Aleix ha avuto modo di notare tante cose vedendo la mia guida e si è reso conto che in questo modo non si farà mai una moto da podio, perché determinati vantaggi che hanno gli altri non li provi neanche a creare. Io sono felice di portare il mio contributo, ma devo dare ad Aprilia il tempo di metabolizzare e di reagire. Questo sta succedendo, ma bisogna avere pazienza. Sono molto tranquillo perché devo scegliere tra provare a costruire una moto competitiva o cercare la prestazione.

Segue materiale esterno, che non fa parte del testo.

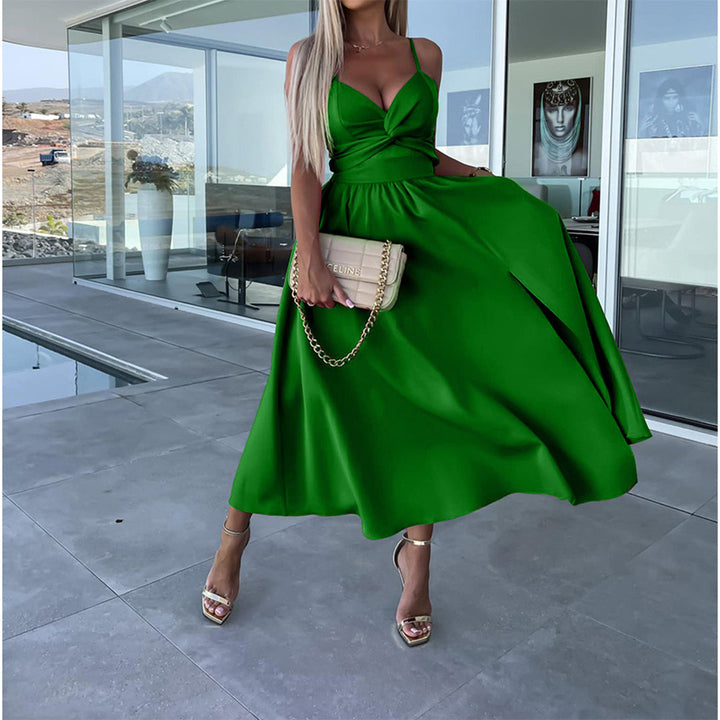 Vrouw in elegante groene jurk met gouden sandalen en beige handtas, staand op modern terras. Perfect voor zomerfeest of bruiloft.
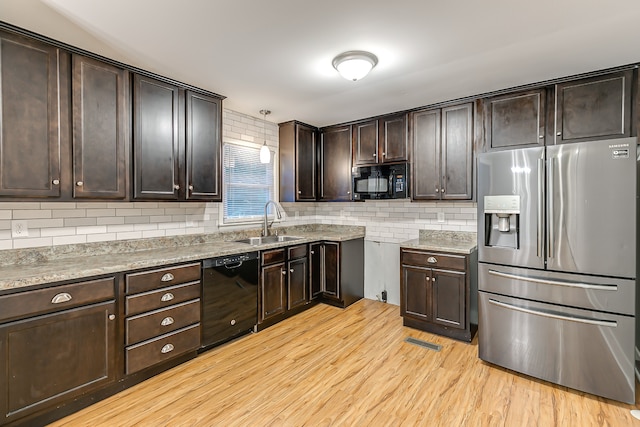 kitchen featuring sink, black appliances, light hardwood / wood-style flooring, and dark brown cabinets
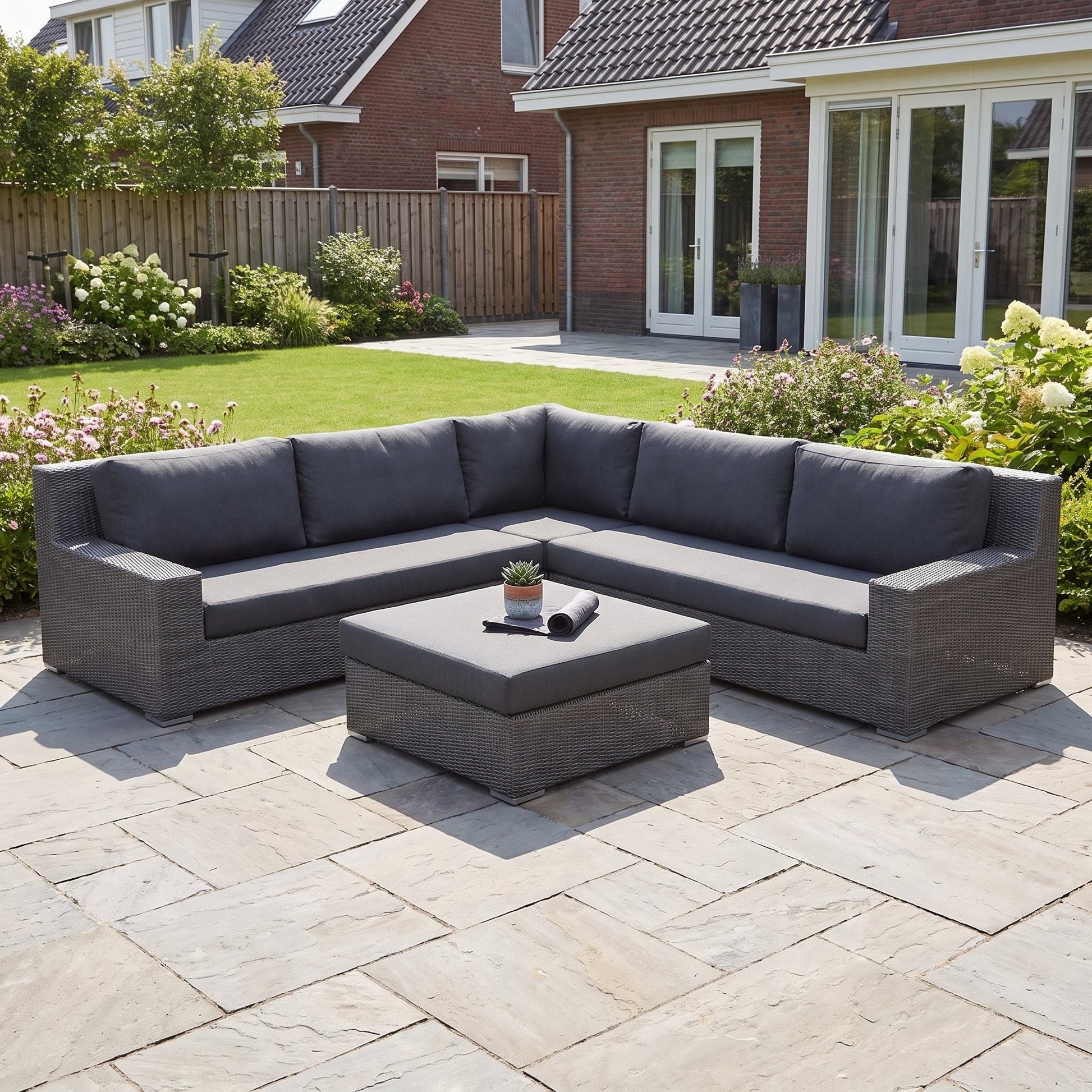 Riga Hoek Loungeset - Rock Grey in einem stimmungsvollen Garten - Outnest Gartenmöbel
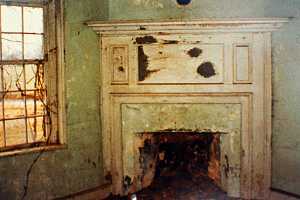 an old fireplace area with vines growing in the window beside it - before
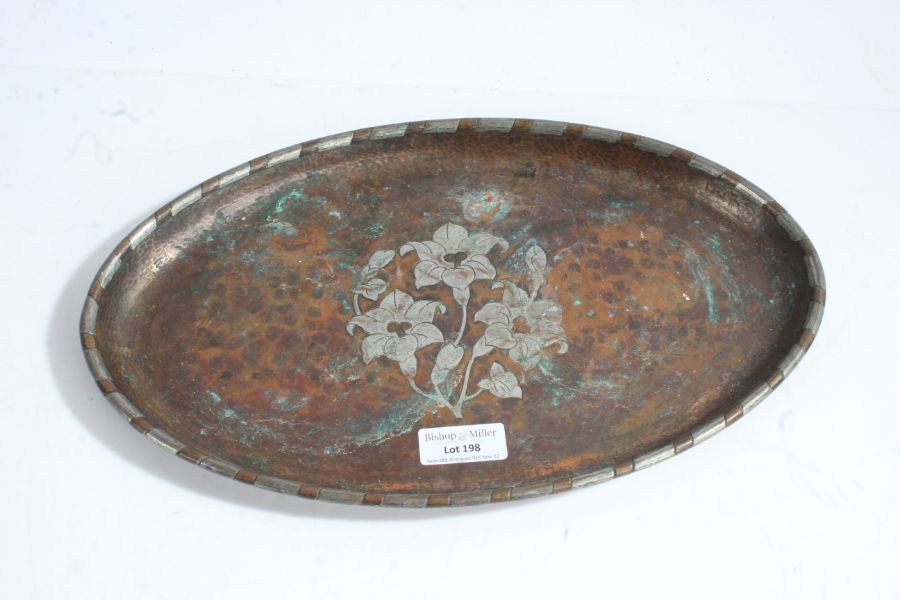 Harold Holmes Arts and Crafts copper tray, of oval form, with silvered flowers to the centre, marked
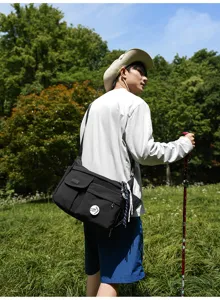 Black nylon messenger bag for daily commuting, casual crossbody shoulder bag for students.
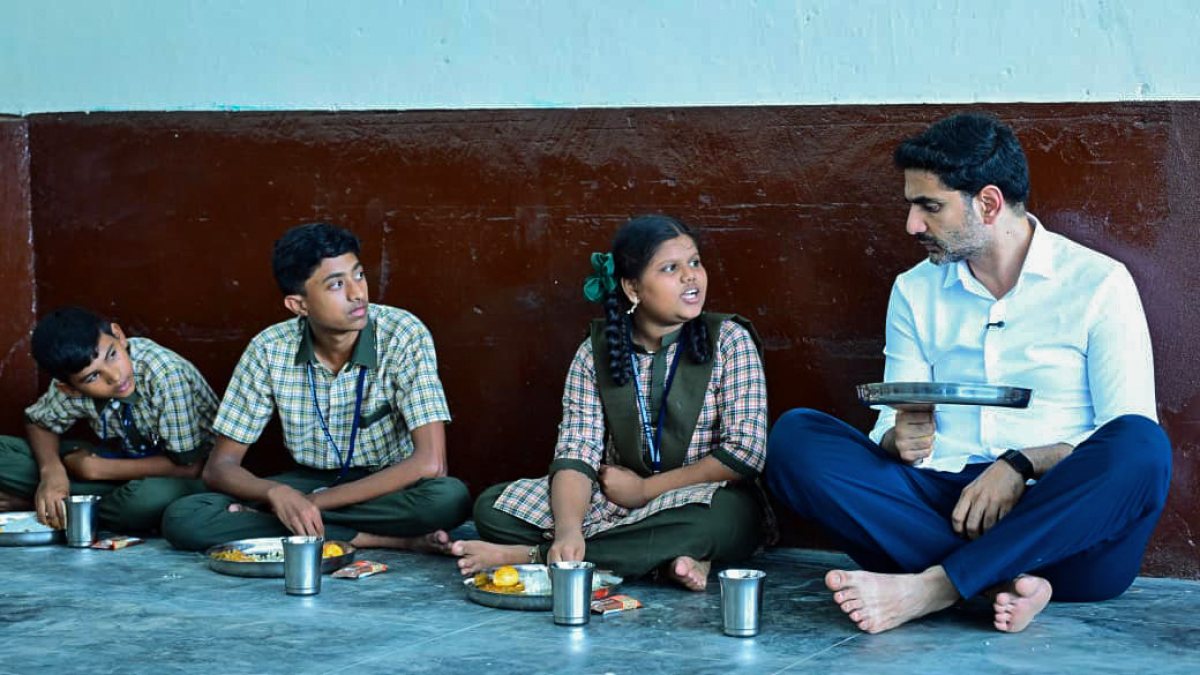 Andhra Pradesh Minister Nara Lokesh eats lunch with the students at the…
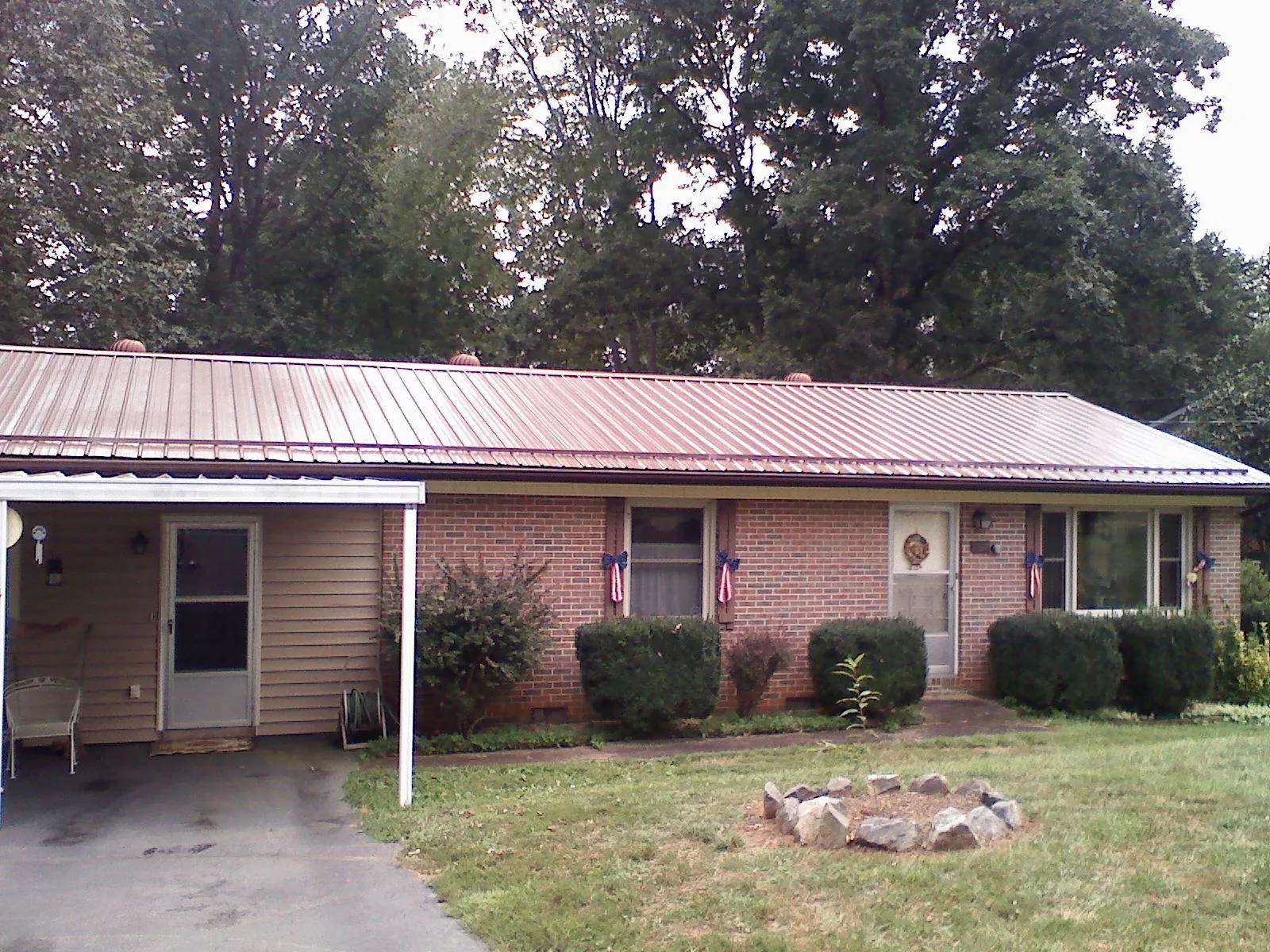 Bronze metal roof and carport on a brick ranch home — Roof Repair work by our crew in Tavernier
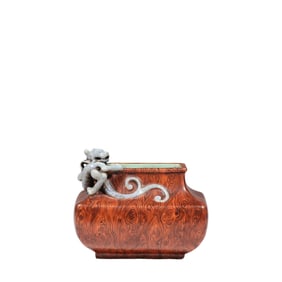 A Chinese wood-grained dragon jar from the Qianlong period of the Qing Dynasty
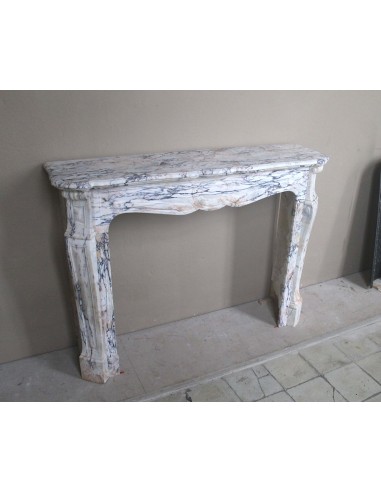 Antique Baroque mantel carved in rare Calacatta Gold marble with veining in shades of violet, gold, and white.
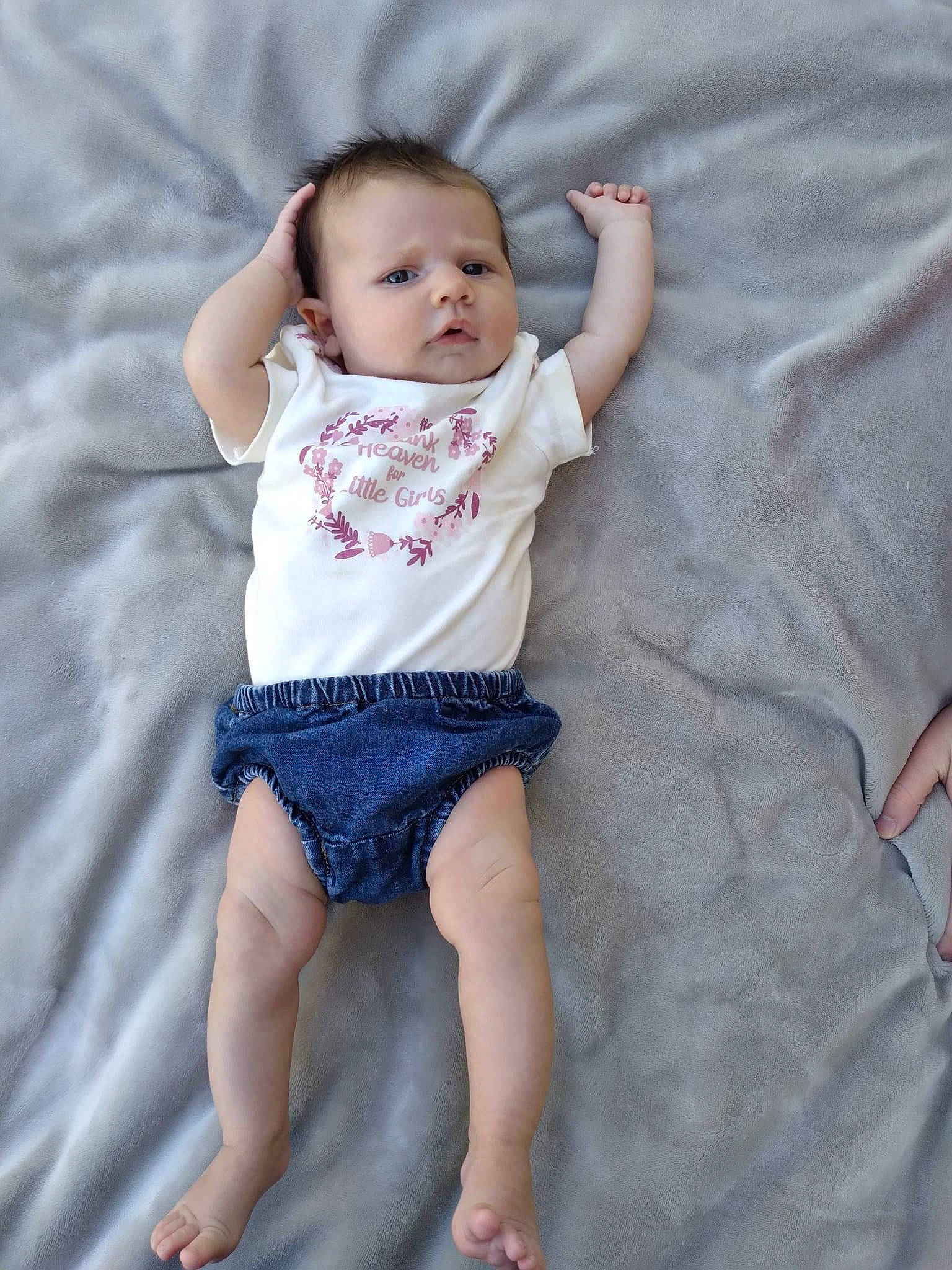 Danielle is registered to the contest to win money with this photo: arm, baby, baby_toddler_clothing, barefoot, comfort, electric_blue, finger, fun, happy, human_leg, joint, pattern, person, pink, skin, sleeve, t_shirt, textile, thigh, toddler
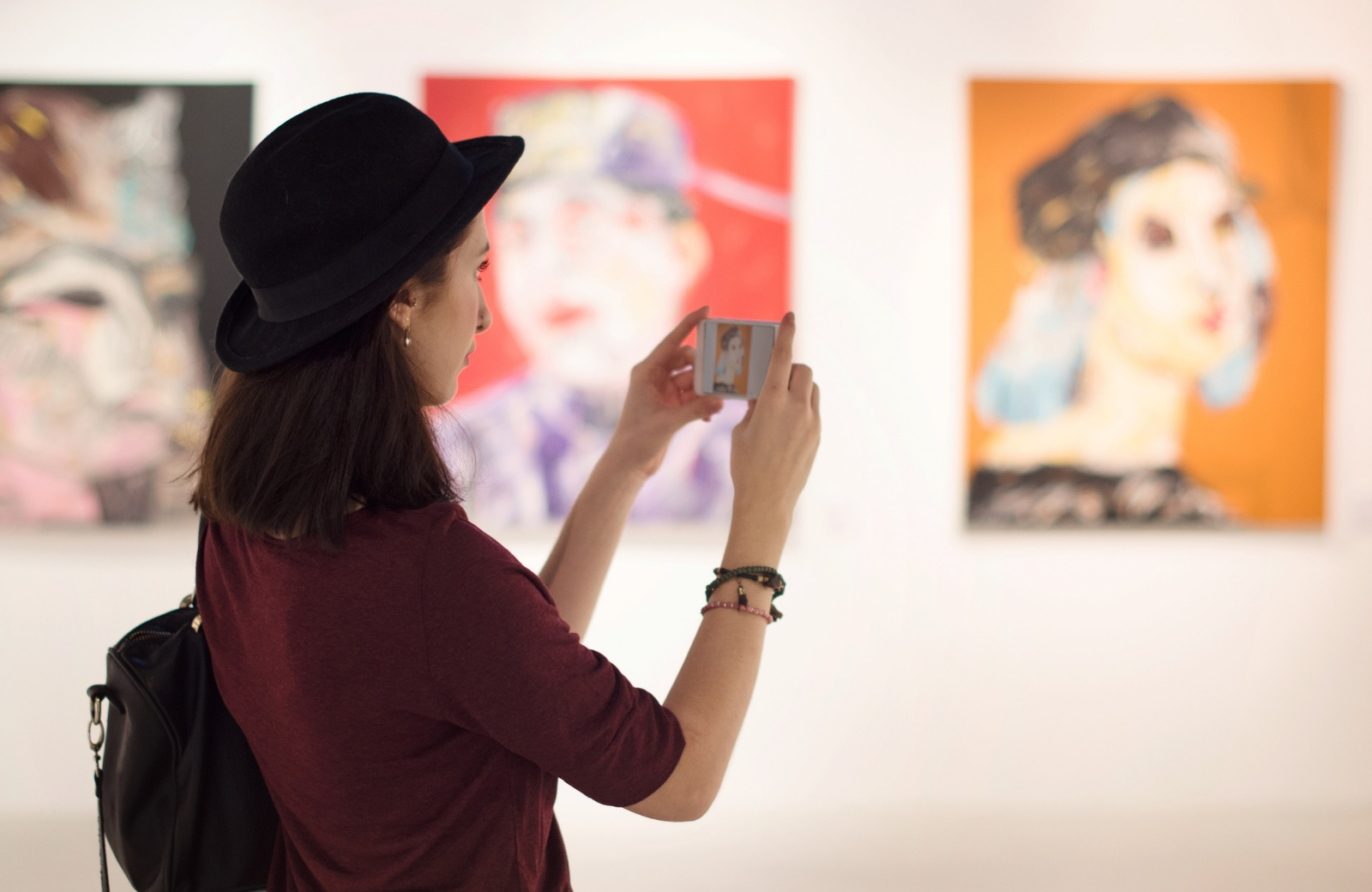 woman taking picture in art gallery the vue san pedro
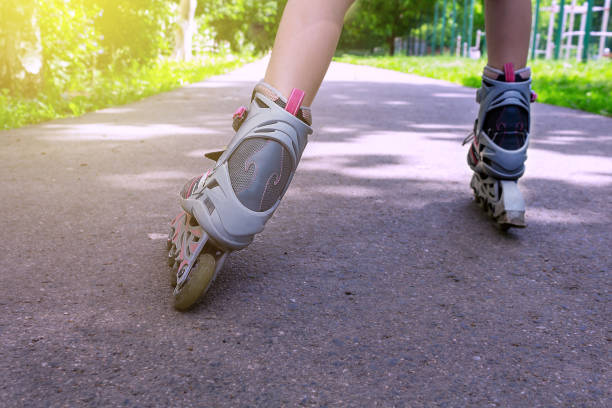 Unrecognizable Caucasian Teenager girl roller skating in the park. Sunset time. Close up. Rollerblades. Rear view of children's legs in roller skates.
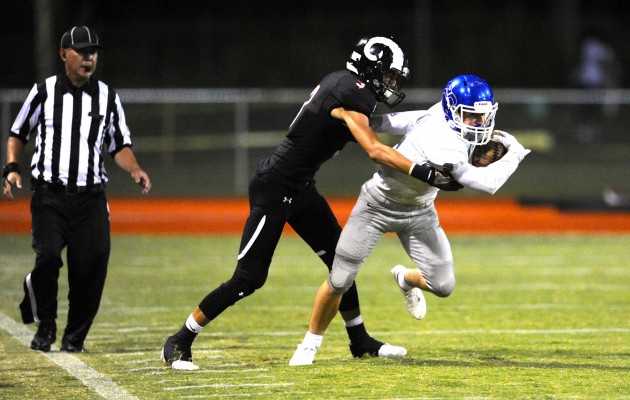 All 14 Oahu Interscholastic Association Division I teams are in the running for one of eight spots in the Open or D-I state tournaments. Four will go to each. Neither Moanalua nor Radford has been to a Division I state tournament, but the odds of them doing so this year have increased under the new three-tier state format. In photo, the Rams' Jonah Soakai tackled Na Menehune receiver Brandon Bender in Moanalua's 40-0 victory Friday. Bruce Asato / Honolulu Star-Advertiser.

Ma se io scelto la prestazione, chi la fa l’altra cosa?”.

Aleix Espargaro ha confermato la versione di Iannone: “il mio è il modo giusto di guidare l’Aprilia, ma non è la strada giusta per vincere. L’ho capito soprattutto dopo l’arrivo di Andrea, che ha portato nuove idee ed informazioni su come lavorano Ducati e Suzuki. Per esempio, ha detto che io uso troppo poco traction control, ma lo faccio perché altrimenti l’accelerazione della moto è troppo poca. Mi ha detto: ‘ok, sei veloce con poco TC, ma non è questo il modo giusto di guidare. E’ pericoloso e molto fisico, quindi dobbiamo migliorare il controllo di trazione. Io comunque voglio cercare di guidare al massimo la moto per cercare di ottenere i migliori risultati possibili, ma resta il fatto che dobbiamo migliorare anche la moto“.